Per chi iniziava a lavorare negli anni ’60, durante il boom economico, il rapporto con il denaro era molto diverso da quello di oggi. E se il mondo di allora era – non è esagerato dirlo – diverso da quello attuale, differiva sensibilmente anche la percezione collettiva della realtà sociale. Questo, provando a fare una sintesi estrema, ci dice Walter Siti nel suo ultimo saggio Pagare o non pagare (Nottetempo), scritto con uno stile narrativo e dove trovano spazio dati statistici, elementi di analisi economica e sociologica e passaggi diaristici. L’autore ricorda, quando al ventisette del mese incassava lo stipendio, il piacere di andare con il portafogli pieno di banconote a comprarsi qualcosa (si trattasse di una statua indiana della fertilità o di un gilet dai colori sgargianti).

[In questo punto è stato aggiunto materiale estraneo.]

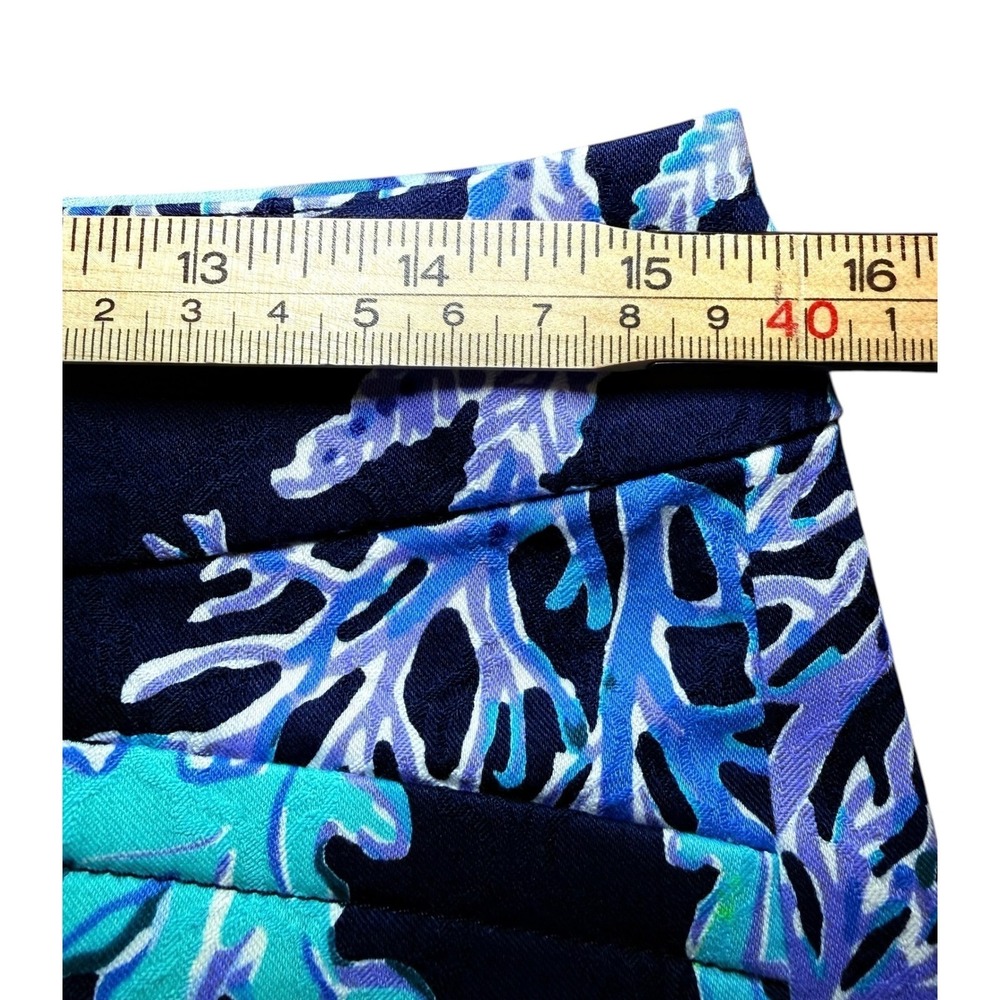 Lilly Pulitzer Kelly Ankle Pants Blue Green Coral Reef Print Stretch Womens 6 - Picture 8 of 10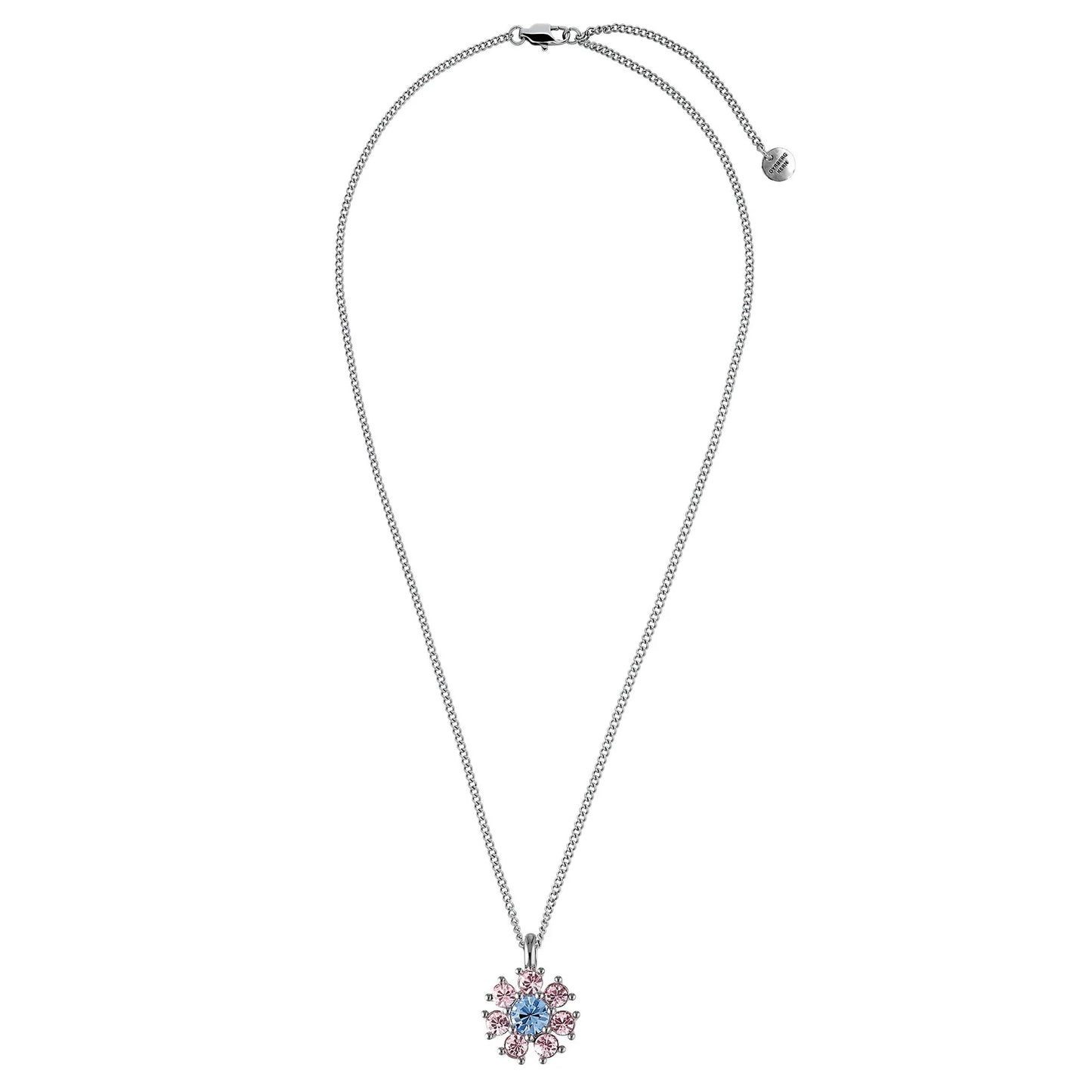 DELISE SHINY SILVER LIGHT BLUE/ROSE NECKLACE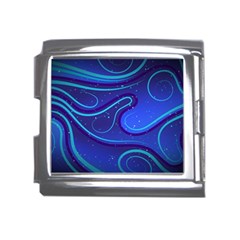 Wavy Abstract Blue Mega Link Italian Charm (18mm) by Ravend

E se in quell’età dell’oro del consumismo e dei desideri materiali, durata in Occidente più o meno fino agli anni ’80, l’ascensore sociale funzionava e si avvertiva la sensazione di una corsa generalizzata verso un benessere diffuso, già attorno alla metà degli anni ’90 le cose sono cambiate. Per qualche tempo si è assistito a un’espansione drogata da un capitalismo finanziario ben poco meritocratico; inoltre il meccanismo che portava gli Stati Uniti a investire in Europa il loro ingente surplus economico si è inceppato, e le logiche della globalizzazione hanno stravolto le regole della produzione, della domanda e dell’offerta e dei prezzi dei beni di consumo e del lavoro. Fino ad arrivare ai giorni nostri in cui, oltre a una precarietà abbastanza generalizzata del lavoro in luogo delle certezze di pochi decenni fa, siamo di fronte a un fenomeno insolito, in cui i prezzi delle merci diventano incerti e aleatori. Ad affermarsi è un’inedita economia del gratis.

“Pagare o non pagare”, di Walter Siti.

L’evoluzione tecnologica – come era già accaduto nelle fasi precedenti della rivoluzione industriale – ha stravolto il panorama dell’economia, facendo crollare i prezzi di alcuni beni e servizi, o rendendo del tutto incerta e relativa la loro determinazione. Da internet è possibile scaricare facilmente musica gratis o a prezzi bassissimi. I voli low cost, la possibilità di prenotare online –scavalcando le agenzie di viaggio – e di scambiare una stanza a Milano o a Roma con un letto a Copenhagen o a Londra, o di trovare un appartamento dove si desidera attraverso Airbnb, rendono il viaggiare molto meno costoso. Ma l’altra faccia di questa gratuità apparente è il tempo che così passiamo in rete: tempo che alle multinazionali del web serve per raccogliere – quasi senza che ce ne accorgiamo – informazioni sulle nostre abitudini e sulle nostre preferenze, per poi magari rivenderle ad altre multinazionali.

Dall’altra parte Siti evidenzia come, accanto all’evanescenza dei prezzi di molti beni, la crisi del lavoro non sembri vicina a una soluzione, e come non basti a fotografarla il singolo dato del 40% dei giovani italiani sotto i 24 anni che sono disoccupati. Oltre a loro, ci sono molti giovani che accettano lavori precari e sottopagati e numerosi inattivi che – forse in attesa di tempi migliori – un’occupazione non la cercano neppure.

Pur prendendo le mosse dall’esperienza soggettiva dell’autore, il saggio ha il pregio di proporre un’analisi del mondo in cui viviamo che risulta lucida, attenta e per diversi aspetti illuminante. Se c’è un limite, è quello di focalizzare la riflessione sulla critica, sulla pars destruens, senza sforzarsi troppo di vedere, se non in alcuni passaggi, gli elementi di trasformazione positiva che le più recenti trasformazioni mediatiche, tecnologiche ed economiche potrebbero favorire. E però si tratta di un limite che non fa venire meno l’importanza di quest’opera, e che lo stesso Walter Siti riconosce nelle righe di chiusura quando dice:

Ma i giovani non possono farne a meno, del futuro; il tramonto e il declino non sono risorse a loro disposizione; forse stanno già trovando vie d’uscita che io non sono in grado di scorgere.